5.1 Original contributions

Exploratory time series analysis entails numerous iterations of identifying and summarizing temporal dependencies. It is common practice to divide time into years, months, weeks, days, and so on in order to make inferences at both finer and coarser scales. In the literature, the formalization of these temporal deconstructions (granularities) is limited to linear time granularities such as hours, days, weeks, and months that respect the linear progression of time and are non-repeating. Cyclic granularities that are repeating in nature are useful for finding patterns in temporal data. They can be circular, quasi-circular, or aperiodic in nature.

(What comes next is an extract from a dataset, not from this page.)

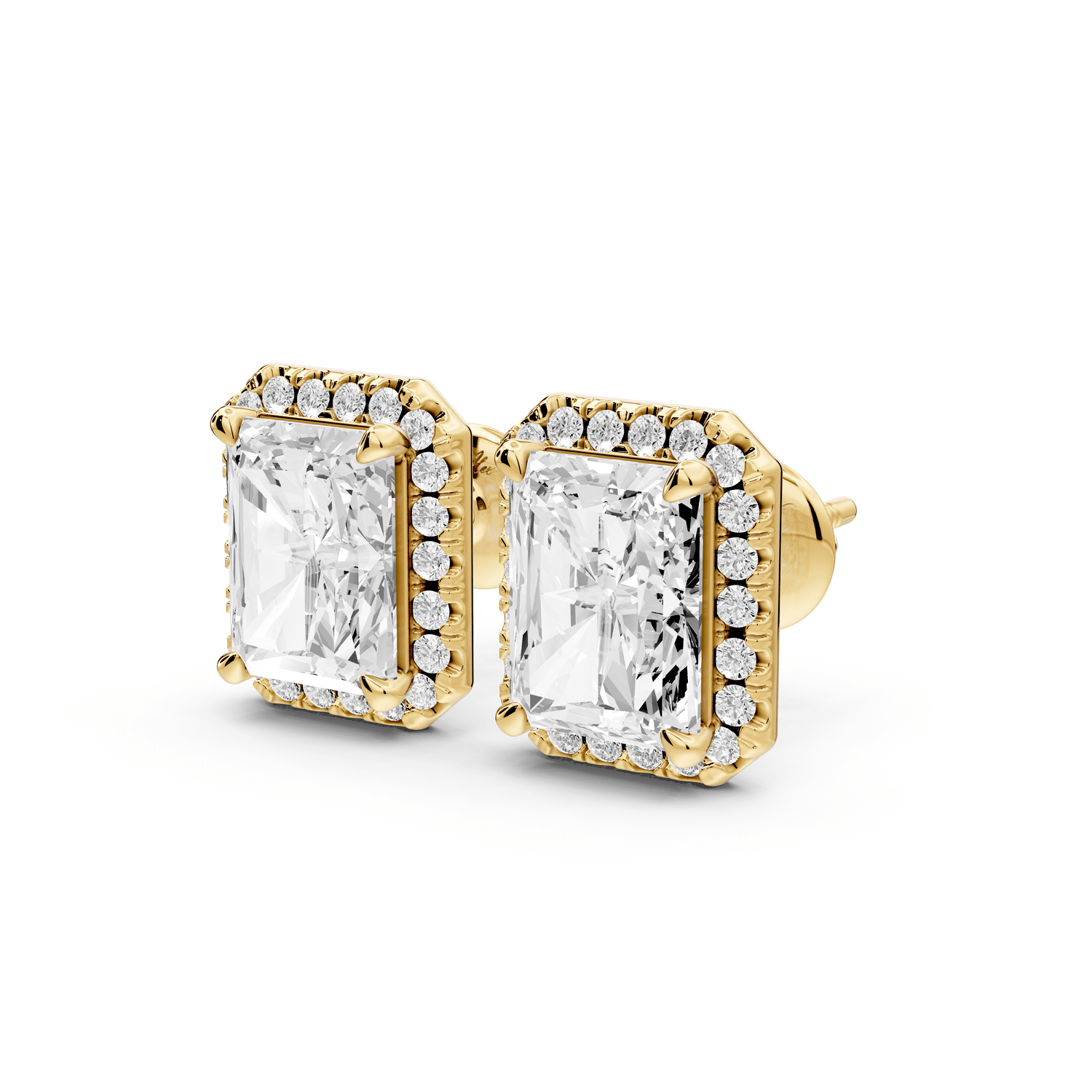 Solis - 5ct 14k yellow gold Radiant - Cut Diamond Stud Earrings - Mr. Alex Jewelry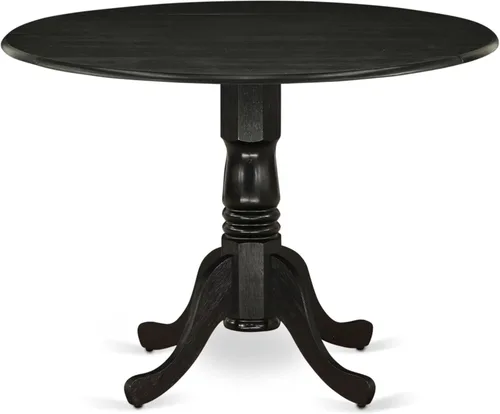 Miniatura 20 de East West Furniture DLT-BLK-T mesa de comedor redonda - con tapa redonda y 2 hojas desplegables y pata de pedestal, 42x29.5 pulgadas, acabado negro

Hour of the day and day of the week are examples of circular granularities; the day of the month is an example of a quasi-circular granularity; and public holidays and school holidays are examples of aperiodic granularities. Additionally, time deconstructions can be based on a time hierarchy. Thus, single-order-up granularities such as second of minute or multiple-order-up granularities such as second of hour can be envisioned. The definitions and rules defined in the literature for linear granularities are insufficient for describing various types of cyclic granularities. Chapter 2 provides a formal characterization of cyclic granularities as well as tools for classifying and computing potential cyclic granularities from an ordered temporal index. It also allows for the manipulation of single- and multiple-order-up time granularities via cyclic calendar algebra. The approach is generalizable to non-temporal hierarchical granularities with an ordered index.

Visualizing probability distributions conditional on one or more cyclic granularities is a powerful exploration tool. However, there may be too many cyclic granularities to look at manually for comprehensive exploration, and not all pairs of granularities can be effectively explored together. Chapter 2 also provides a recommendation on whether a pair of granularities can be meaningfully plotted or analyzed together (a “harmony”) or when they cannot (a “clash” or “near-clash”).

Cyclic granularities could be used to create a wide range of displays. And, when there are numerous granularities to choose from, deciding which one to display can be difficult. Moreover, only a few of them may be useful in revealing major patterns. In Chapter 3, the search for informative granularities is facilitated by selecting “significant” granularities. A cyclic granularity is referred to as “significant” if there is a significant distributional difference of the measured variable between different categories. Chapter 3 defines a distance measure to quantify these distributional differences. A higher value of the distance measure for a cyclic granularity or harmony implies that they could be interesting for further investigation, whereas a low value indicates that nothing noteworthy is unfolding. A threshold and, consequently, a selection criterion are chosen using a permutation test such that cyclic granularities with significant values of the distance measure are selected. In addition, the distance metric has been appropriately adjusted, allowing it to be compared not only across cyclic granularities with different numbers of categories but also across a set of time series. As a result, it can also be used to rank the displays according to their ability to capture the greatest amount of variation across one or multiple time series.

The ideas in Chapters 2 and 3 can be used for studying patterns in individual time series or comparing a few time series together. This is extended in Chapter 4 to allow for the exploration of distributions for multiple time series at the same time using unsupervised clustering. In the time series clustering literature, probability distributions across cyclic granularities have not been considered in determining similarity. However, such a similarity measure can be useful for characterizing the inherent temporal data structure of long, unequal-length time series in a way that is resistant to missing or noisy data while allowing for the detection of similar repeated patterns. Chapter 4 proposes two approaches for calculating distances between time series based on probability distributions across cyclic granularities. The first approach considers two time series to be similar if the distributions of each category of one or more cyclic granularities are similar. The second approach considers two time series to be similar if they have a similar significance of patterns across different granularities. A similar significance does not imply a similar pattern, which is where this technique varies from the former. When the distances from these approaches are fed into a hierarchical clustering algorithm, they yield small groups of time series with similar distributions or significance over multiple granularities. Our method is capable of producing useful clusters for both approaches, as demonstrated by testing on a range of validation data designs and a sample of residential smart meter consumers.